How does automatic indoor positioning work?

By Osma Ahvenlampi, SVP Engineering

Three weeks ago, when we announced the IndoorAtlas SDK 2.0 for Android and iOS, one of the major features we highlighted was its new ability to begin positioning automatically, without a pre-set venue or floor map initialization. In this post, we’ll go deeper to what that means, how it works, and how it can be best used in an application. We’ll also discuss some of the situations where this functionality can have surprising, or even undesirable behavior, and how can a developer work to avoid those if necessary.

If you’ve developed apps which use the Android or iOS platform location services, you’re probably quite used to simply being able to subscribe to location services from the operating systems’ location frameworks and and start receiving more or less accurate location information almost immediately. Well, apart from it not being all that accurate indoors, and sometimes taking quite a while to work because locking to a GPS signal can be a challenge. That’s why you’re looking at our technology, of course!

In the indoor space, being able to automatically locate a device is a bit more challenging. There is no global satellite signal, beacons are restricted by their identifiers to basically their owners only, cell tower signals aren’t all that precise for positioning, and wifi networks tend to move around. Our previous generation required the app to know ahead of time which venue and floor the positioning is performed in. This stood in way of offering the kind of experience we want to enable, so we had to find a way to overcome this.

This capability is built upon an array of technologies and large amounts of data. In every indoor map collected with our MapCreator tools, we have detailed collection of not just the foundational, magnetic field data which enables software-only, super-scalable and high accuracy device tracking, but also radio network, altitude and other data which can help provide a rough estimate of location. It is that rough estimate that is the first step towards an automated location service.

For you as a developer, this means a couple of things:

Quality & amount of mapped data

The quality of work done to survey the venue and create the positioning map is of paramount importance for good end user experience. It’s also important that you can rely on one good map – having lots of unfinished tests around will pollute your positioning experience. Today, your first tool in this should be our map accuracy analytics. We will be offering more tools in the near future to help you manage that selection of high-quality venue data.

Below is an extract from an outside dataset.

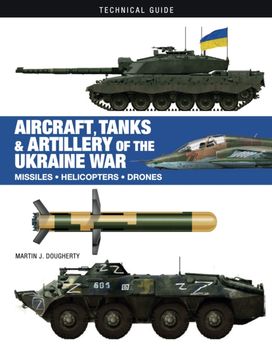 Aircraft, Tanks and Artillery of the Ukraine War Aircraft, Tanks and Artillery of the Ukraine War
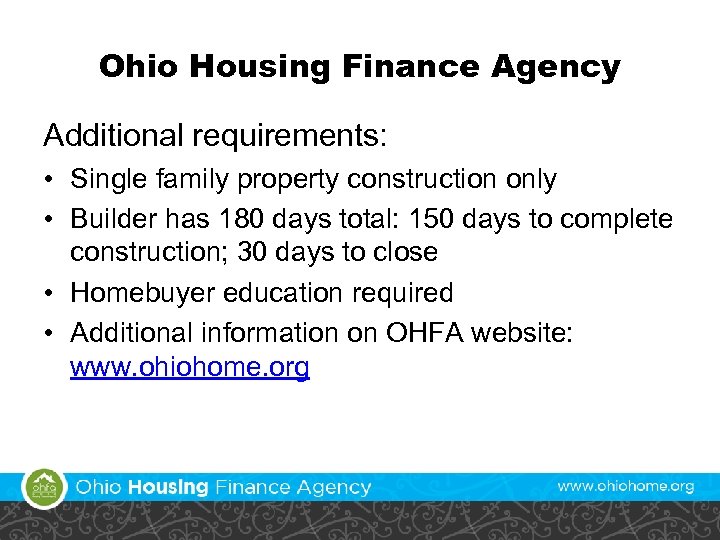 Ohio Housing Finance Agency Additional requirements: • Single family property construction only • Builder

Difference between Android and iOS

In the application, especially when working on the Android platform, you should be able to rely on the automation, but as with any technology sensitive to the environment it is running in, field testing with the final app in the end user locations is a priority. If you do encounter experience which can not be explained by map analytics, it’s time to dig deeper in the technology itself. This is also when it’s important to understand the difference between Android and iOS.

Those familiar with Apple policies will know that iOS places lots of limitations to apps’ abilities to sense what Apple considers to be privacy sensitive data regarding their environment. Unfortunately, this also limits us from using every possible source of data for the highest possible performance indoor positioning experience, and to reach the same level as we do on Android, sometimes app-level work-arounds come into play as well.

For example; if you’re working on an app intended for a limited number of venues known to you in advance, such as in-store navigation, you may have already experimented with deploying iBeacons or similar technology in the locations. It is possible to take advantage of this effort by signaling the beacons’ known coordinates to the IndoorAtlas SDK. On the roughest level, this can be to signal the floorplan, as is shown in our iOS Getting Started document. You can also go into more detailed position and even post a down-to-the-meter accurate on-time initialization coordinate to the SDK. This might be relevant, for example when a user passes a doorway which you can identify from a beacon signal.

Or perhaps your application has some destination information. When entering a building from an outdoor location, the phone’s own platform location estimate will be accurate enough that you don’t need to do anything, but let’s say you have mapped one store inside a larger venue, but the surrounding area is does not have an IndoorAtlas map yet. If your app has knowledge that the user is reaching that venue, again you can send a hint to the SDK about this.